I mean in a socialist society everyone has the chance for any training they are capable of benefiting from (and a chance to become capable if they are not). So do some trained lawyers do law all day while others scrub toilets all day? Or is the legal work split among the qualfied lawyers, who then fill in their worktime doing something else, scrubbing toilets, answering phones.

Really the only additional social cost to this is cost of additional education. But is it really a cost to make education to everyone who wants it and is able to benefit or a gain?

>I will observe, though pointy-headed intellectuals like you might not believe it, that there are many people, millions on millions of them, and including (I'd add, most lawyers) would would prefer to wash dishes for 40 hoursa week than to do what I do, which is exacting legal research and writing -- much less what I do for _fun_, which is scholarly reserach in philosophy and political economics.

Hmm - lost your temper worse than I did earlier there. Pointy headed intellectuals?. But the fact is that most people washing dishes for a living have something else productive they could do, they would like better - if only offered the training and opportunity. And I don't doubt there are people out there scrubbing toilets or pushing broom or weeding fields or waiting tables who would enjoy what you do, and would be good at it if offered the training.

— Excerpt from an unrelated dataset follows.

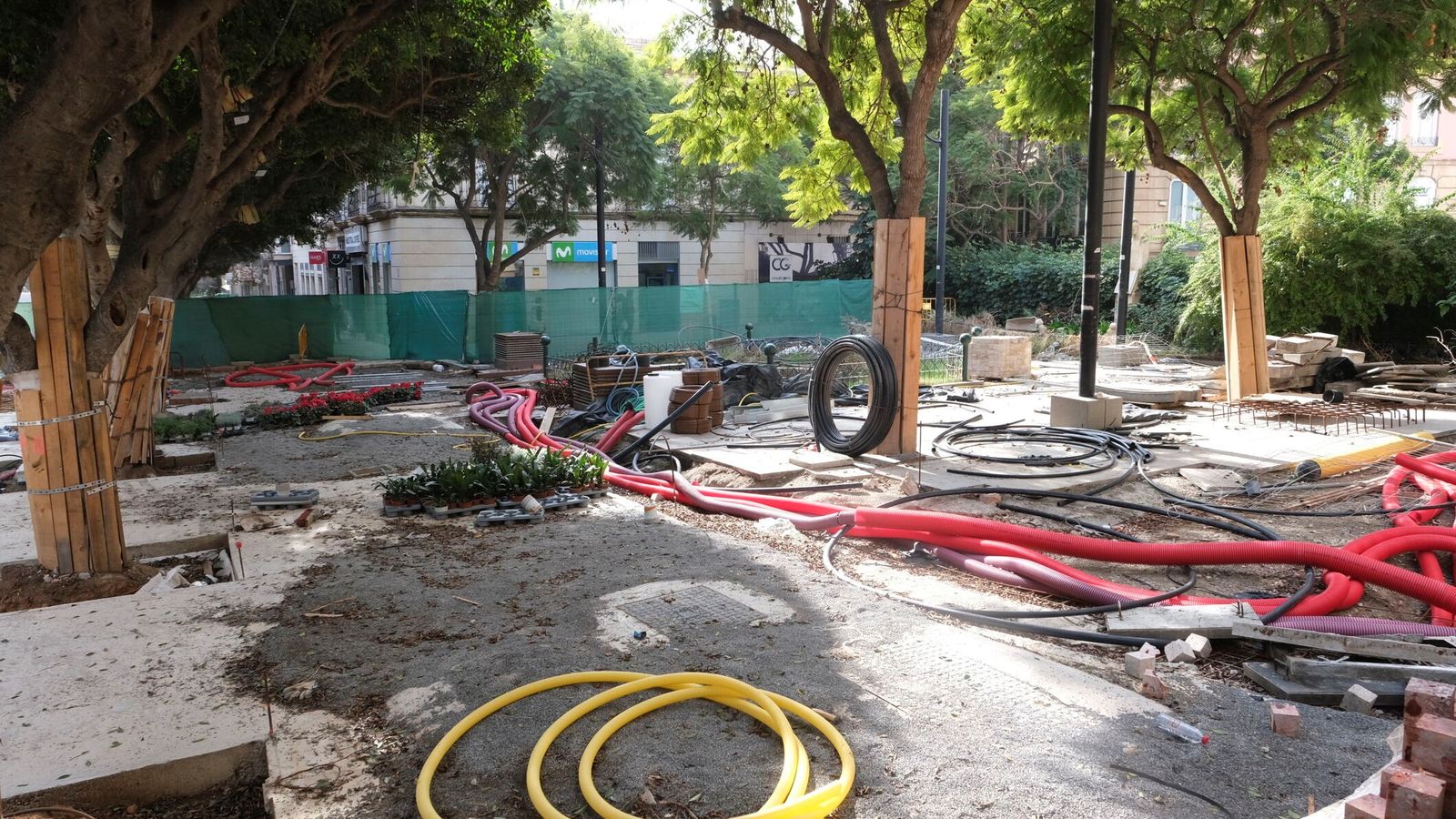 La plaza del Educador, muy atrasada.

Like I said any socialist society to be worthy of the name would have to offer a hell of a lot more education than ours does. That is not a cost of any one brand of socialism - market or non-market. It is a cost of any socialism worthy of the name. And if particular training did not attract enough people by being offered free, it would have to be paid. And of course it is not only in intellectual labor that training would be available. I have friend who is training as skilled carpenter; she had to go through a lot of shit to get that opportunity. I bet your sister had to struggle to her chance at that training. (Or maybe not; this differs from area to area; she may have had a connection. I'll just tell you that training is not easy to get either.) And of course we automate the really unpleaant stuff away as much as we can. But I think there will always be some that you can't automate for a long time to come. And, market economy or Parecon - I don't see why training can't be offered freely enough that everyone has the skill to do some pleasant and empowering job. And given that I don't see why pleasant and empowering tasks and the unpleasant and rote ones can't be shared more or less equally.

Except for the cost of additional training, I don't see a social cost to this type of sharing. And I see a hell of a lot of social gain. No Maoist "force the intellectuals to pick up a rake at the point of a gun". Just a wider dispersion of skills and training, and a fairer sharing of responsibilities.